Innie'nin okulda ailesinin kimliği gizli tutuluyordu, bunu da oğulları istemişti. Zaten böyle her şey tıkırındaydı. Sırıtarak eve girdikten sonra bol hırkasını koltuğun üzerine bırakarak mutfağa geçti ve aldığı şeyleri dolaba yerleştirmeye başladı. Yıllardır olduğu gibi eti Chan ve Minho pişirecekti bu yüzden onlara dokunmadan sadece diğer şeyleri hazırlarken zamanını geçirmişti.

İçindeki bütün her şeyi akıtmak istercesine bağırarak şarkı söylüyor, dans ediyordu. Innie, çıkışta kendine birkaç yere uğrayacağını söyleyince ona dikkatli olmasını uyarmış ardından da koşarak üst kata çıkıp Minho gelmeden tişörtü değiştirmişti.

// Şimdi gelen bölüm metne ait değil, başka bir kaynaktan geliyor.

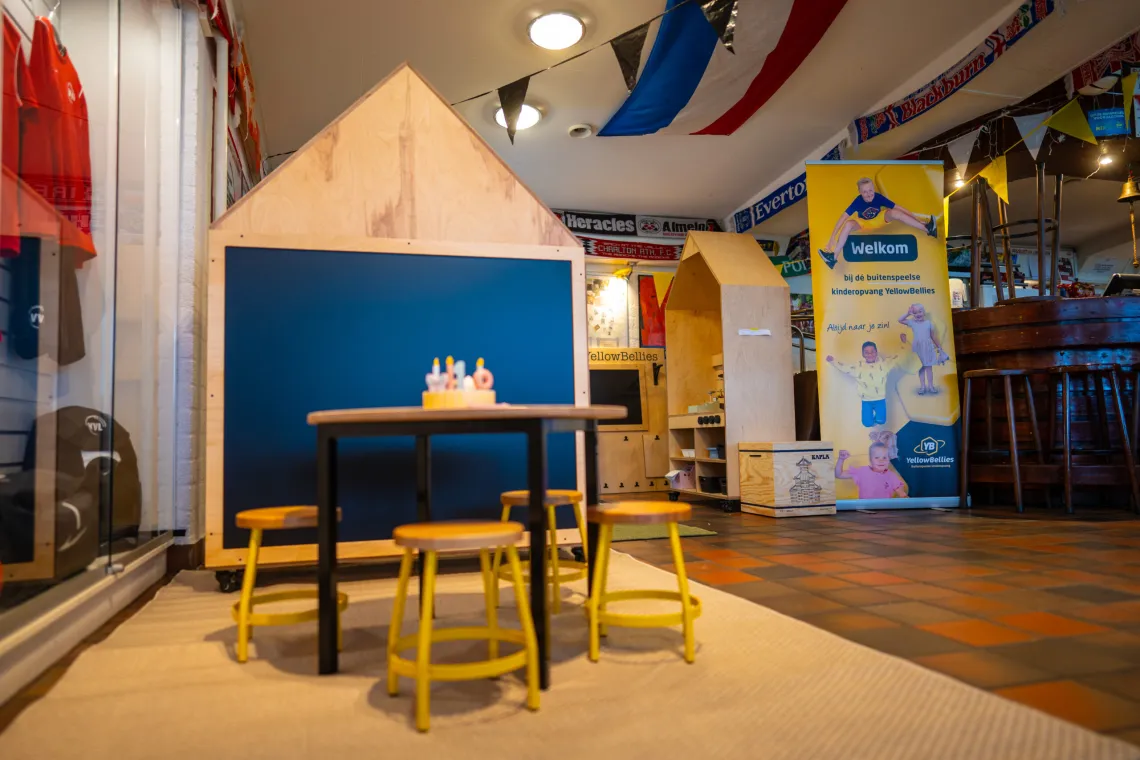 YellowBellies buitenspeelse kinderopvang BSO Linschoten speelruimte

Başka bir tişört alıp onun tişörtünü odasına bıraktığında aşağı kattan kapı çaldı. Kendi kendine sırıttı. "Aferin Jisung, yine harikasın."

İyi zamanlamaydı.

Aynı heyecanla zıplayarak aşağı inip kapıyı açınca eşini karşısında bulmuştu. "Hoş geldin."

"Hoş buldum."

Minho içeri girince arkasından kapıyı kapatmıştı. Aylardır tek konuşmalarının bu olduğunu bildiği için üzmemeye çalıştı kendini Jisung. Ayrıca bugün arkadaşları gelecekti! Minho'nun ardından yatak odasına girdiğinde onu burada görmek içini titretmişti, üstünü giyiniyordu.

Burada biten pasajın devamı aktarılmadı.